As maiores consequências passam por um instinto de ligação com tudo o que está a acontecer em lugares diferentes do mundo que lhes chegam através das redes sociais. De repente é toda uma geração a ver eventos através de uma plataforma, seja ela qual for. Isto dá-lhes a visão de um mundo mais coeso, em vez da imensa quantidade de tempo que outras gerações tinham de ultrapassar para receber um terço da mesma informação. Enquanto por um lado há esta enorme conexão, ao mesmo tempo acho que os Millennials estão mais conscientes sobre o que se passa no mundo, porque o facto de termos alta tecnologia a preços acessíveis faz com que sejamos uma geração que tem todos os problemas do mundo no bolso. Neste momento, alguns deles debatem-se com o facto de terem de dar uma volta ao protecionismo dos pais, através do internacionalismo, o que faz com que muitos -enfrentem uma luta interior, porque este não foi o mundo que eles imaginaram enquanto cresciam. Mas, para outros, a grande maioria, a visão sobre a globalização é muito mais pragmática: a globalização é tudo o que eles sempre conheceram, por isso já cresceram a saber que iriam ter de ser da dimensão mundo e não da dimensão cidade.
Quão pesado pode isso tornar-se para estes jovens? Parece que a depressão e a ansiedade são preços a pagar por tanta oferta de possibilidades e de tanta informação.

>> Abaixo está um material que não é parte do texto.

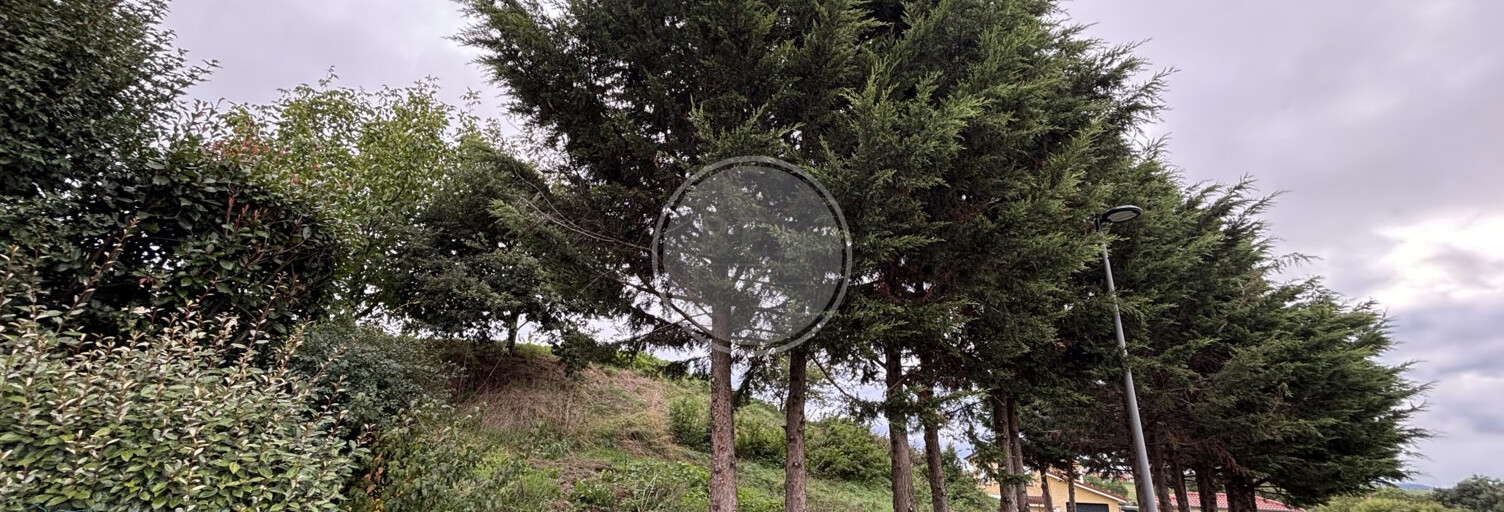 Terrain  731 m² à vendre à Saint-Laurent-de-Chamousset (69930)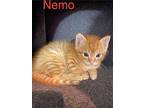 Nemo, Domestic Shorthair For Adoption In Lewisville, Texas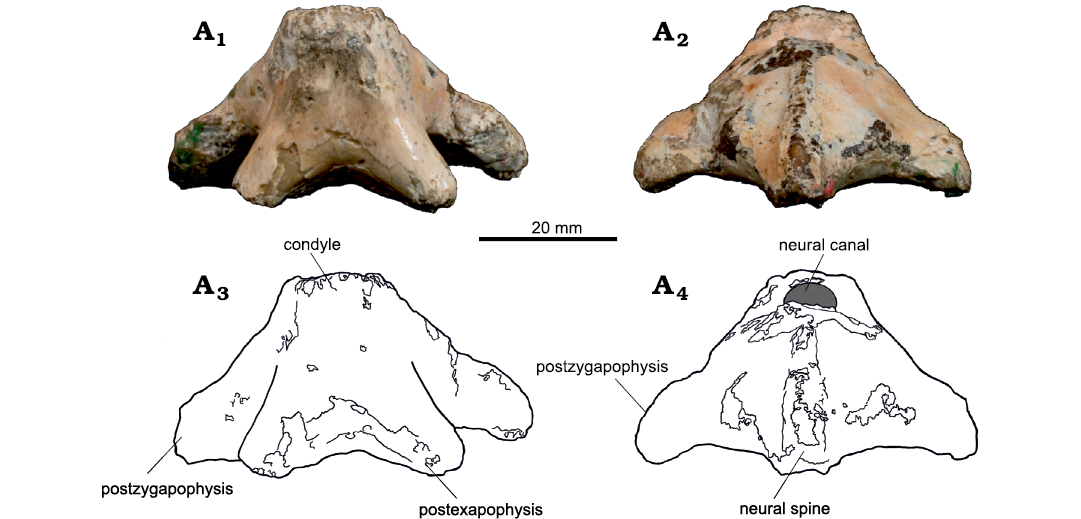 A New Crested Pterosaur from the Early Cretaceous of Spain: The First  European Tapejarid (Pterodactyloidea: Azhdarchoidea)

Absolutamente. O que está a acontecer é que com o crescimento das redes sociais, há uma constante comparação entre as vidas uns dos outros, faz-se a universidade a saber que as coisas a partir daí só vão ser dificultadas, porque também têm informação sobre as más condições que os outros no mundo lá fora estão a enfrentar em que se trabalha tanto e se ganha tão pouco. Tudo isto cria um clima de ansiedade em ser-se bem sucedido, que logicamente atrai uma enorme quantidade de stress a todo este grupo de pessoas. Ainda se torna pior quando outros Millennials estão efetivamente a ter sucesso e partilham isso. Aí começa o processo em que duvidam deles próprios. Imensos estudos à volta da Europa têm mostrado que a ansiedade está presente de uma forma dramática na população dos vinte e poucos anos, que começam a sentir-se presos a uma determinada situação e não conseguem ver-se livres dela.

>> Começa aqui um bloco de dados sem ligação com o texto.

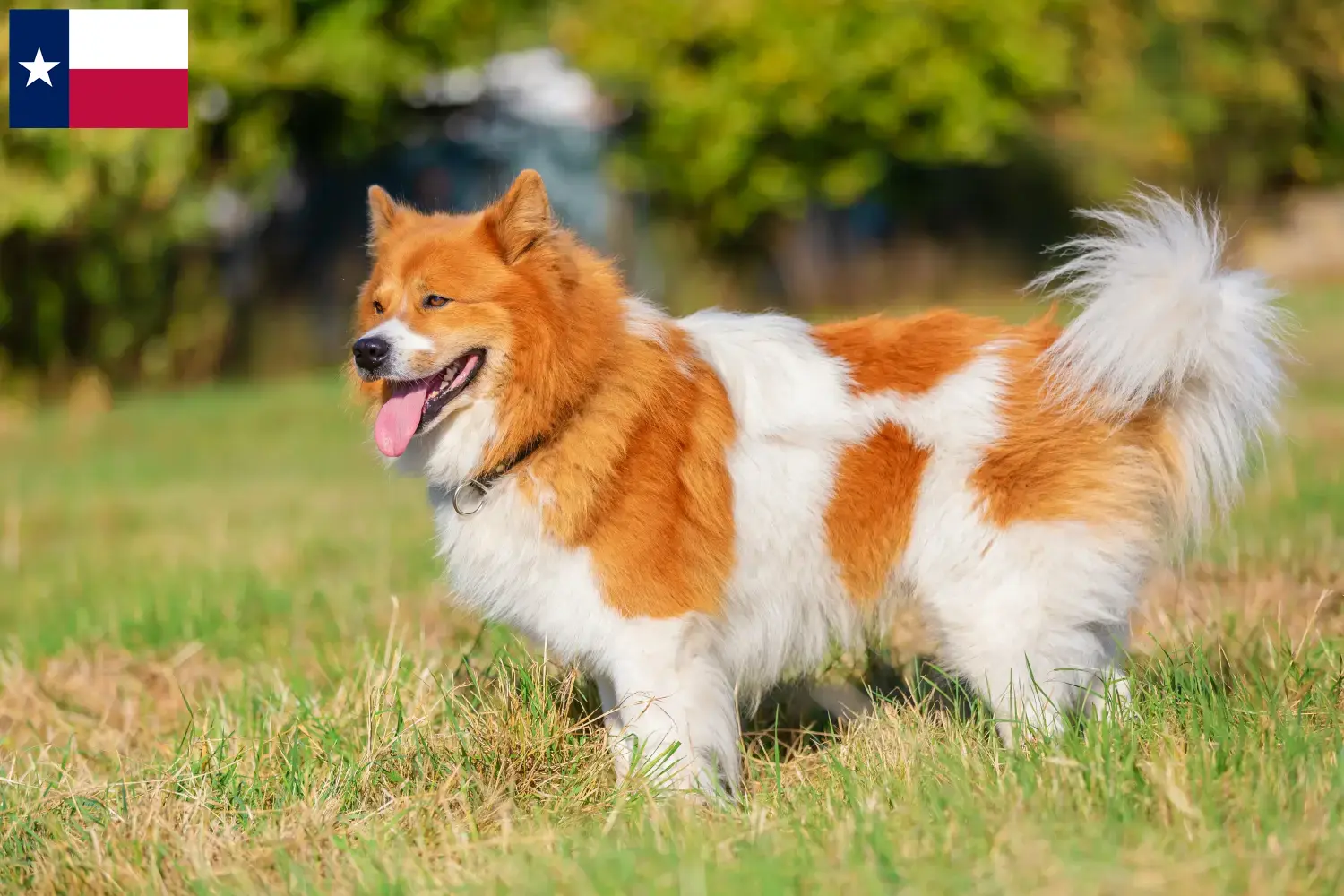 Elo puppies and breeders Texas Here you can find Elos breeders in Texas.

Em alguns dos vossos estudos fala-se da descrença que estes jovens enfrentam em relação à democracia, sobre o cansaço que sentem face à forma como funciona o sistema. O que se pode esperar dos Millennials enquanto adultos?

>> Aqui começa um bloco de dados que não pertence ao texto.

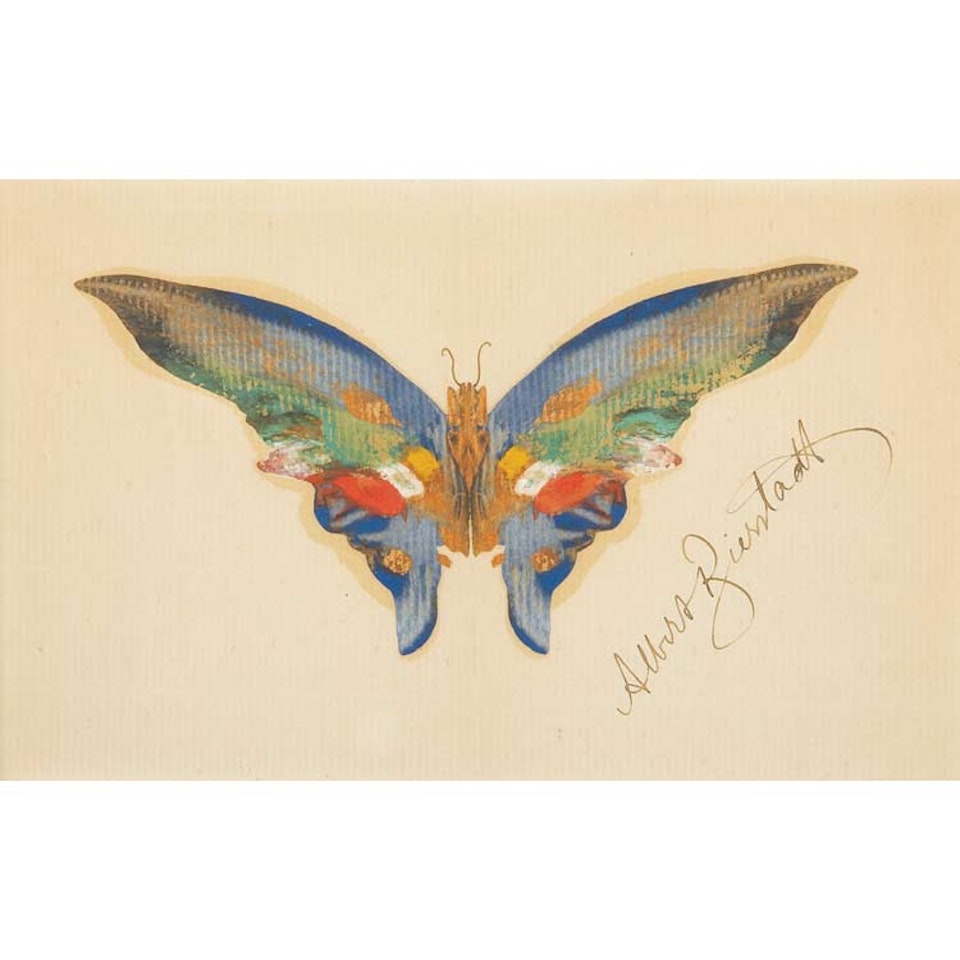 Butterfly by Albert Bierstadt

É verdade que eles reclamam sobre a forma como os países são governados – eles não aceitam o papel que os governos têm na vida deles em termos do que é que os governos vão proporcionar e do que era suposto proporcionarem. E mesmo dentro desta geração há um enorme desentendimento político. Então, vai ser interessante observar se isto se traduz ou não em abstenções gigantes, o que nuns sítios acontece, mas em muitos outros não tem acontecido. Há uma imensa discussão sobre qual é e qual deveria ser o papel do Estado, sobre o grau de satisfação perante os sistemas de liderança, há ainda a presença em protestos e manifestações mas em muitos casos não se vê assim tanta atividade ou a possibilidade de uma revolução de voto através da abstenção.
Mas há agitação política.
Há sim uma grande partilha de opinião através das redes, mas o que eu acho é que assim que eles envelhecerem, que tiverem mais posses e que puderem usufruir de uma maior experiência profissional, então irão exercer maior influência no mundo político e no Estado. Podem ainda não ter as respostas, mas tenho a certeza que nos próximos 10 a 20 anos vamos poder ver a Geração Y a passar da conversa à acção. Aliás, vai ser muito interessante ver as misturas de gerações no mundo político, o que já está a começar a acontecer.
O que tem a dizer aos elementos da sua geração, aos que são bem mais novos que si, que ainda fazem parte daquele grupo que disse estar mais perdido?
A maior lição que aprendi foi a da resiliência. Temos de ser pacientes, tudo leva o seu tempo. Devemos estar abertos a outras formas de pensar, a outras perspetivas. Temos sempre o que aprender com os outros. A vida está longe de ser fácil ou justa, é preciso escolher como lidar com ela, porque essas respostas vão condicionar o resto de toda a nossa vida.